Soap and other objects
By Zali Matthews
The afternoon is white and hot. Underneath the gabled roof of Ian Friend’s Californian Bungalow home, a soft breeze passes through. His studio, which takes residence in the front room of the house, is cool, shadowed and full of things. Works on paper can be found at every turn: lying half-painted on his low set working desk, stacked up in piles, or framed and leaning against the walls. Books of every variety – architecture, poetry and artist biographies – sit on side tables or lie open on his window lounge, as if he had just been reading. Brushes, pots of ink and small ceramic pieces are strewn about. Classical music plays faintly from the corner of the room, bathing the scene in a dappled shower of sound.
Friend is an eager conversationalist, and a natural storyteller. The discussion during our visit, initially focused on the works currently in his studio, quickly sways towards topics such as early modern science, religion and art theory. It’s clear just how intelligent and well-read a man Friend is. His desire for knowledge forms a vital part of his art practice; while spending his mornings making art, afternoons are often dedicated to books and music.
Such influences find themselves reflected in the works he creates – in their subtle tonal variations, elemental forms and abstracted compositions – as well as in their titles. Several works in this exhibition are named after musical compositions: Blue Silence, a neoclassical instrumental piece by Soviet-born Australian composer Elena Kats-Chernin, is slow and yearningly melancholic; the ambient jazz work Angel Song (1997) is sharp-noted and forlorn; and Dutch classical composer Simeon ten Holt’s (1923-2012) magnum opus Canto Ostinato (1979) adopts a high-pitched canter, oscillating across endless tonal peaks and troughs.
One can clearly imagine Friend painting these works while their namesakes played on in the corner of his studio. Gazing at his Blue Silence works, it’s almost possible to hear that yearning cadence of the music – to feel the sensation of sinking deep into ocean waters as bubbles scurry to the surface; and that jittering persistence of Canto Ostinato echoed in the hurried dotting of his amorphous, cloudy forms.
Friend’s inspirations are not limited to music. History, art theory and poetry also intermingle here. Pier and Ocean, for instance, refers to the ruined West Pier in Brighton, England, that gradually fell into disrepair in the late twentieth century and burned down in 2003 to its spindly, metal skeleton. Much like the 2010 night-time laser show that illuminated this ruined pier, Pier and Ocean pulls light washes down the paper, reuniting pier and shore.
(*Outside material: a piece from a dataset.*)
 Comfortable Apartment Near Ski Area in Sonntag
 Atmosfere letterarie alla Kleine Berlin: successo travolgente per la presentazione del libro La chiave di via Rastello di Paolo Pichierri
The songs, poems and stories informing Friend’s works emerge as abstract, rounded forms, sometimes large and elongated, fine and peppery, or translucent and amorphous. They are repeated endlessly, compulsively: in white clumps, like snow; or in groups of fine dots, like small perforations in paper, clustered galaxies or sheets of falling rain. Looking at Friend’s works, the viewer is given the impression of looking both in and out, at atoms and at galaxies. Friend blurs the boundaries between micro- and macrocosms, removing human scale.
Also present in this exhibition are several patinated bronze sculptures which sit atop soaring, pyramidal ironbark plinths, the first sculptures created by Friend since the 1980s. Two works from this group depict a curious, cinched-like shape cast into patinated bronze and gold. They are named Soap, after the seminal prose poem by French poet Francis Ponge (1899-1988). Written during the German occupation of France in WWII, Ponge speaks of soap with child-like wonder, describing it as, “A sort of stone, but which does not let itself be rolled around in nature: it slips between your fingers, and melts before your eyes rather than be rolled about by water.”[1] The shape of the rounded soap-stone, and those white, foaming bubbles that form perfect spheres just before they pop, repeats endlessly across this exhibition: one sees them in the heavy ovoid form in Tears/Sleep (after Ivor Gurney), and in several white, cloudy masses.
Curiously, Friend’s Soap sculptures take on another shape. Resembling the torso of a woman, an hourglass or a bone, this shape is in fact moulded from a well-used soap bar. This is a shape formed with time and love; eroded not by natural elements, but by the steady friction of human hands. There is a quiet, fragile dignity to the well-worn soap bar, with its various hairline cracks. Cast in bronze and gold, Friend pays homage to Ponge’s loving prose, elevating this ordinary object towards something greater than itself. Past and present stretch and collide; personal acts become universal; and the days keep on running away.
[1] Francis Ponge, Soap, trans. Lane Dunlop (London: Stanford University Press, 1969), 14.